* **Task**
Write out exactly the lines from the one with "2641 N Flamingo Rd 2408N, Sunrise, FL 33323" through the last line of the data below, but not the pictures.

Short text fragments from websites
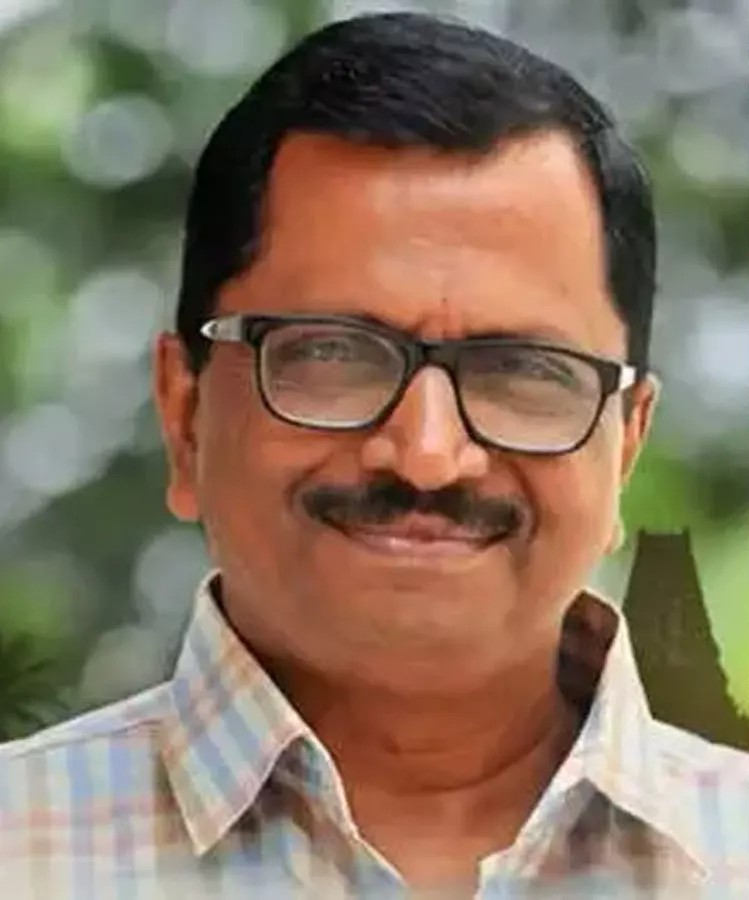 തിരുവനന്തപുരം കോര്‍പ്പറേഷനില്‍ വിമത സ്ഥാനാര്‍ഥി; ദേശാഭിമാനി മുന്‍ ബ്യൂറോ ചീഫിനെ സിപിഎം പുറത്താക്കി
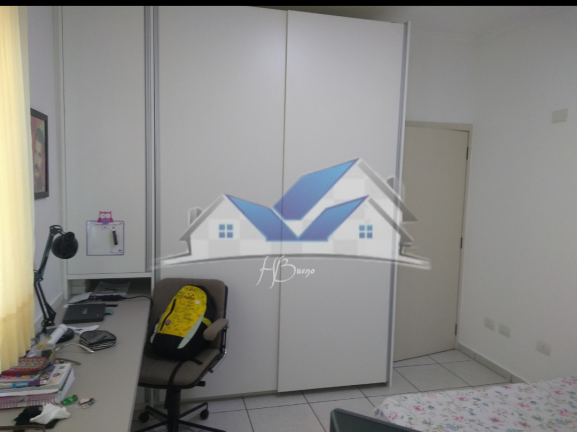 Imagem Sobrado com 4 Quartos à Venda, 214 m²em Bosque da Saúde - Taubaté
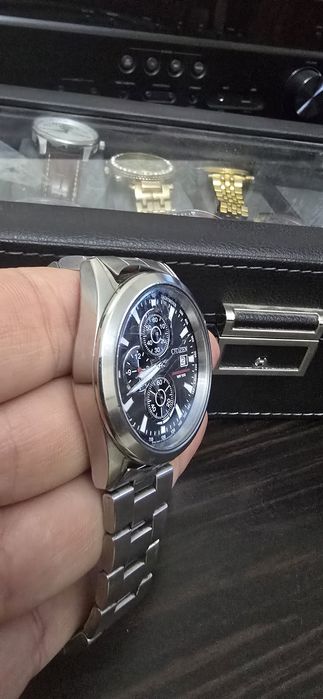 Часы Citizen Япония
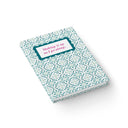 Frostbite Hardcover Journal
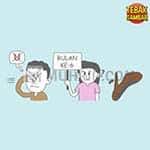 Untuk level selanjutnya bisa kamu cek di sini : Kunci Jawaban Tebak Gambar Level 119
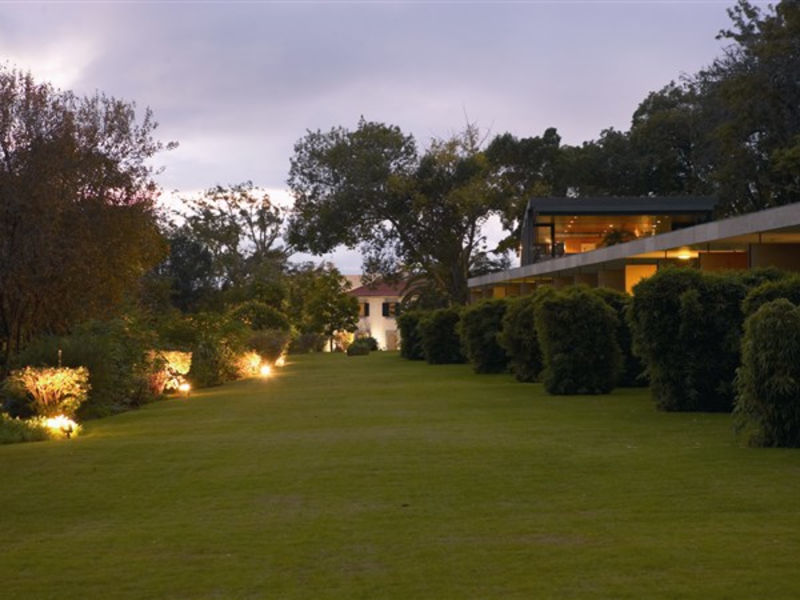 Quinta Da Casa Branca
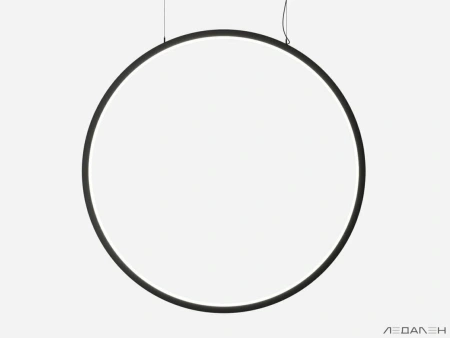 Купить светильник кольцо ring venus 5000k 45w с доставкой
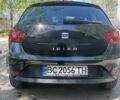 Черный Сеат Ибица, объемом двигателя 1.2 л и пробегом 185 тыс. км за 6500 $, фото 4 на Automoto.ua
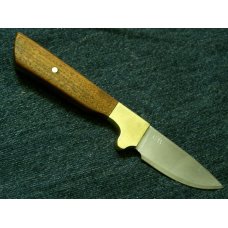 CUSTOM CH HUNTING SKINNING FIXED BLADE SKINNER BUSHCRAFT SURVIVAL PATCH KNIFE KNIVES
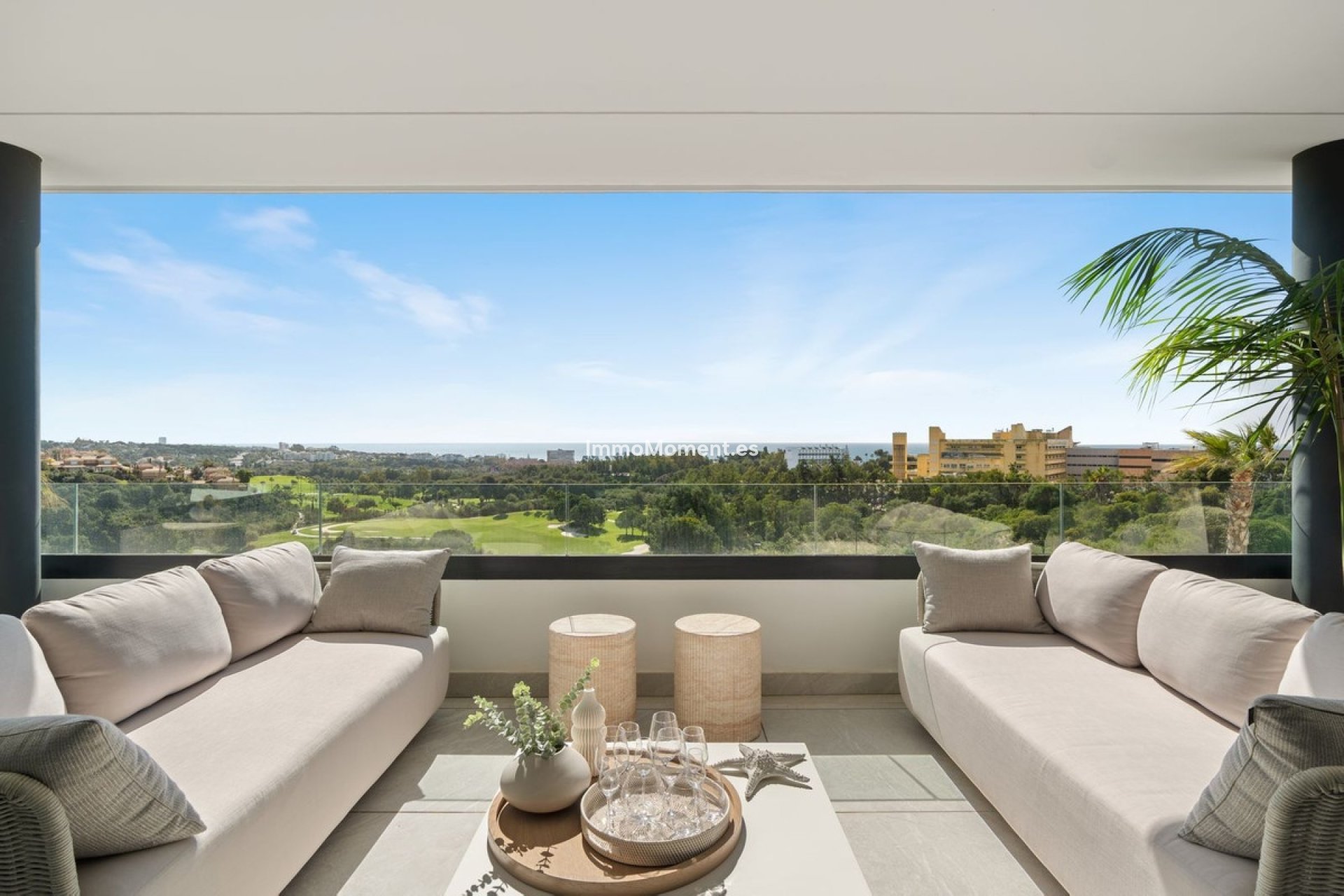 Revente - Appartement - Marbella - Santa Clara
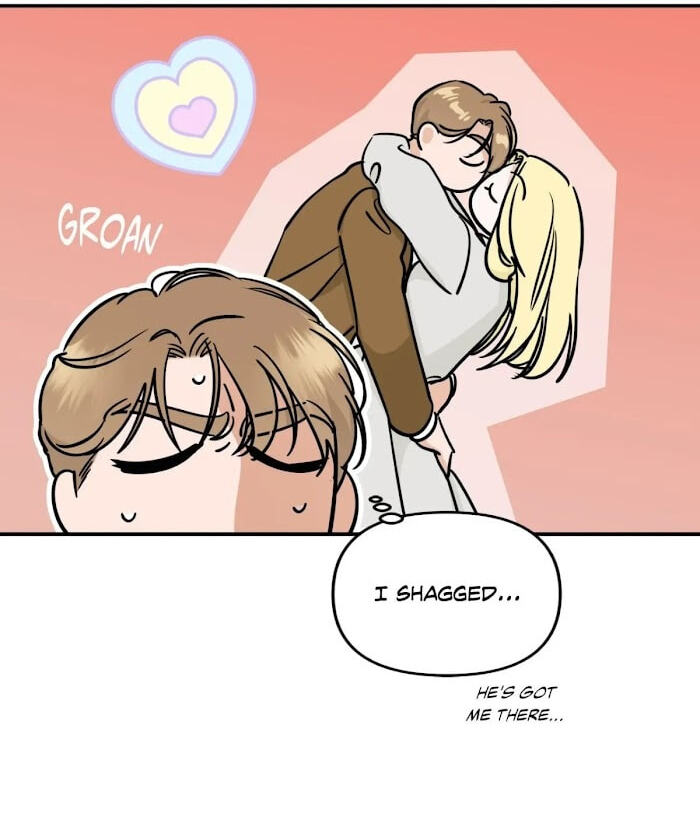 Read Bad Apple chapter 35 image 9 on Lezhin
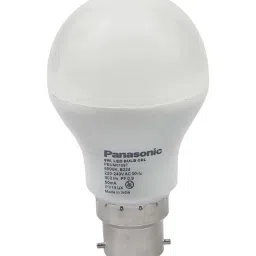 Panasonic B22 9Watt LED Bulb - Pack of 8 (Cool Day Light) image 2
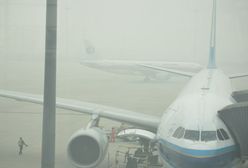 Smog nad Sofią; zanieczyszczenie 8-krotnie przekracza normę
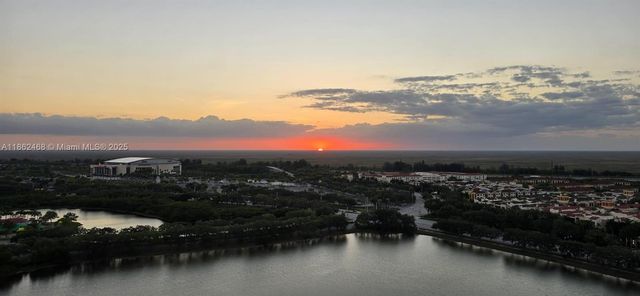 2641 N Flamingo Rd 2408N, Sunrise, FL 33323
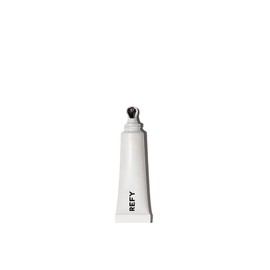 REFY Brillo de labios - Blush (rosa claro, neutro) + mascarilla hidratante coreana prémium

* **Output of the exercise**
 2641 N Flamingo Rd 2408N, Sunrise, FL 33323
 REFY Brillo de labios - Blush (rosa claro, neutro) + mascarilla hidratante coreana prémium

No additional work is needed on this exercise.